My working theory (not that I know much about this stuff at all) is that somebody's randomly generating names, email addies, IP numbers, ipsem lorem text, and URLs--most of the URLs don't go anywhere, but are chaff, to delay and discourage you from cleaning it all off until Google has a chance to register the link to the one or two "real" sites buried in the onslaught. --So this will work until the next iteration of this spam bot. And then we'll have a new list of fucked-up URLs we'll have to add.

Just wait: the next wrinkle will be chaff that are legitimate URLs you like, culled from people's blogrolls. --Though my heart is heavy at the idea of comments registration (to be available with MT 3.0), I'll probably be leaping to upgrade and implement it.

Sigh.

#2 ::: Jonah ::: (view all by) ::: January 12, 2004, 09:35 PM:

kip wrote:
>I didn't block the IP addresses--I think it's the work of a lone [expletive inadequate], who's munging IP addresses somehow.

I'm not an expert, but I do know a little bit about this stuff, and I don't think that's possible. To put it as simply as I can: in order to post here you must be able to send information to the server, and the server must be able to send information to you. In order for this to happen you (or your computer) must know the IP address of the server, and the server must know the IP address of your computer(1).

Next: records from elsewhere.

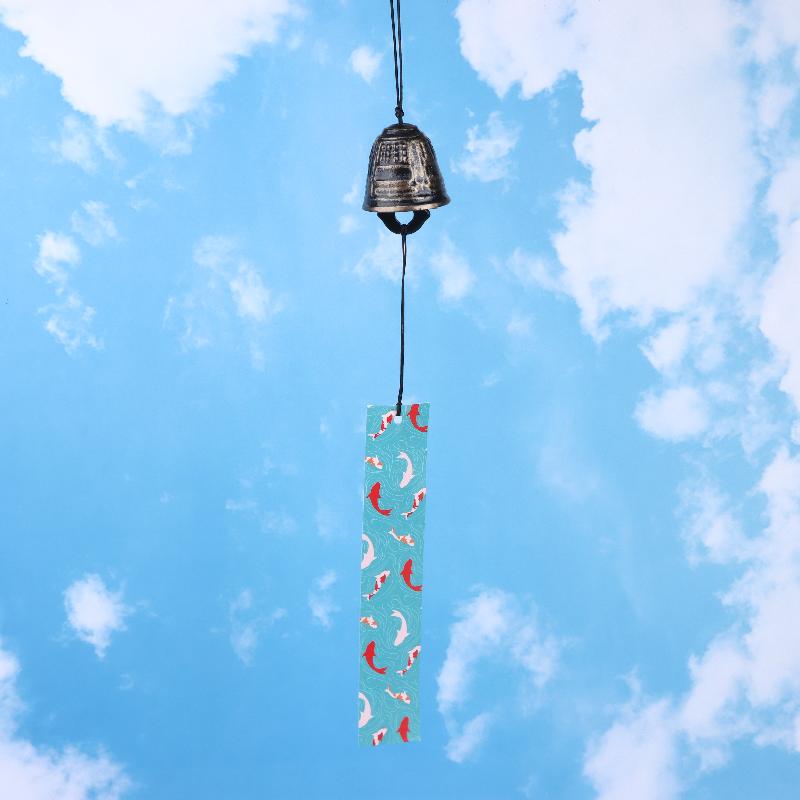 Creative Cast Iron Wind Chime Hanging Decoration Metal Retro Hanging Leaf Bell Balcony Outdoor Garden Hanging Decoration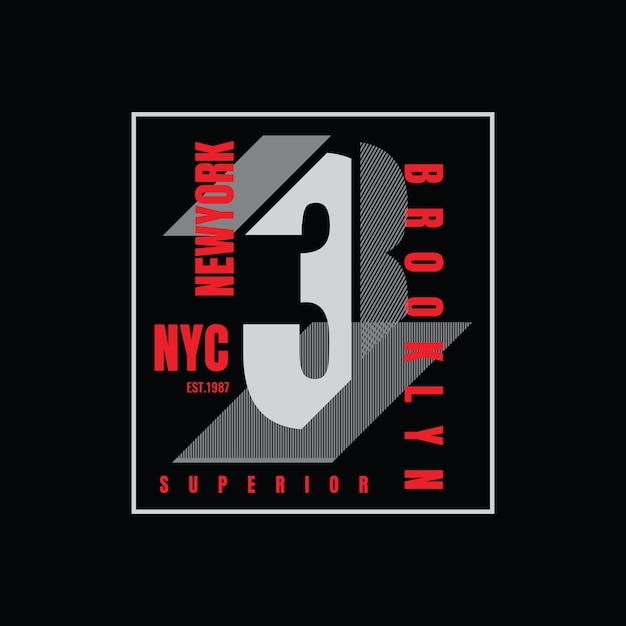 Brooklyn typography vector t shirt design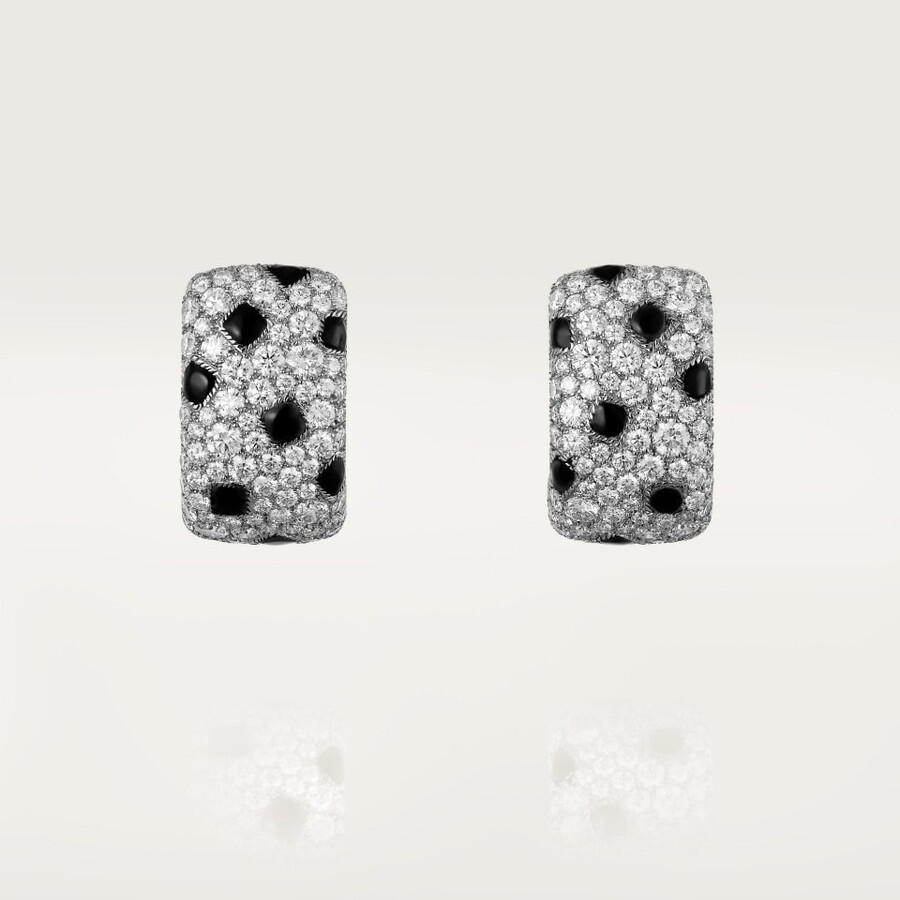 orecchini panthère de cartier pavé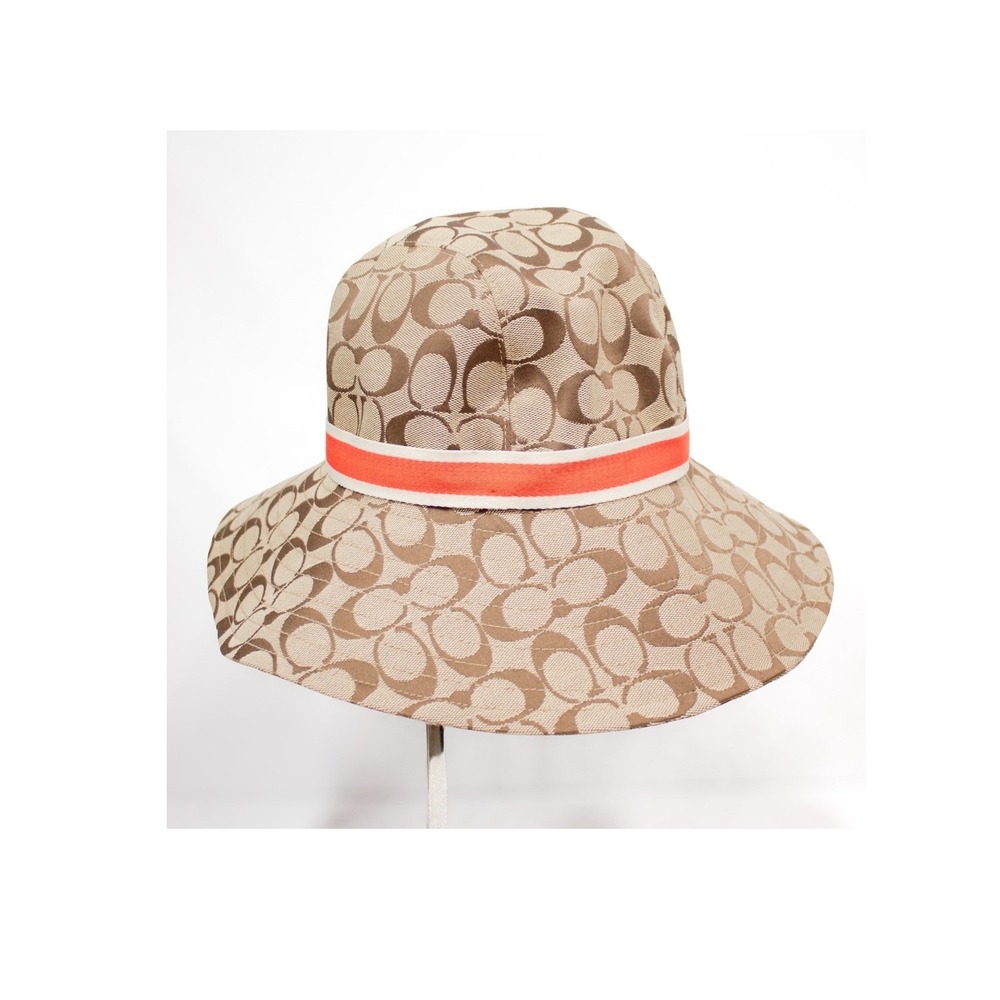 Coach Signature Monogram Bucket Hat | Coach Accessories - Picture 8 of 11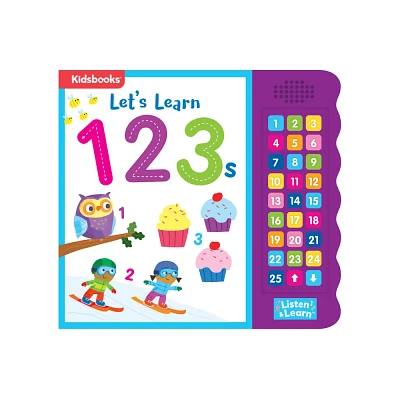 27-Button Sound Book Lets Learn 123s - by Kidsbooks Publishing (Board Book)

If the IP address you provide the server with is not the true IP address of your computer, any information the server tries to send to you, will never actually reach you. (Instead it will be delivered to the computer at the IP address you provided, if such a machine exists.) This would make opening an tcp connection with the server impossible, and opening an tcp connection is a necessary prerequisite to doing things like viewing a web page, or posting via a web form. (See http://www.grc.com/dos/drdos.htm for a nice graphic.)

(1)Ok, in practice this might actually be the address of your NAT router or proxy server, but the principle remains more or less the same (and if you don't know what a NAT router or a proxy server is, don't worry about it).

#3 ::: Rich McAllister ::: (view all by) ::: January 12, 2004, 09:48 PM:

While Jonah's right that it's really hard to fake IP addresses with TCP, there's apparently a whole little underground economy of people who break in to machines, set up various remote control/forwarding servers, and sell the IP addresses of the captured machines to spammers. The spammer then bounces all their junk through the unwitting victims. So in fact the IP addresses might be those of innocent dupes. Even if you figure they deserve to get blocked to encourage them to protect their machines better, blocking those IP addresses isn't going to help cut down the spam since the spammer will be using a whole new set of captured IPs tomorrow.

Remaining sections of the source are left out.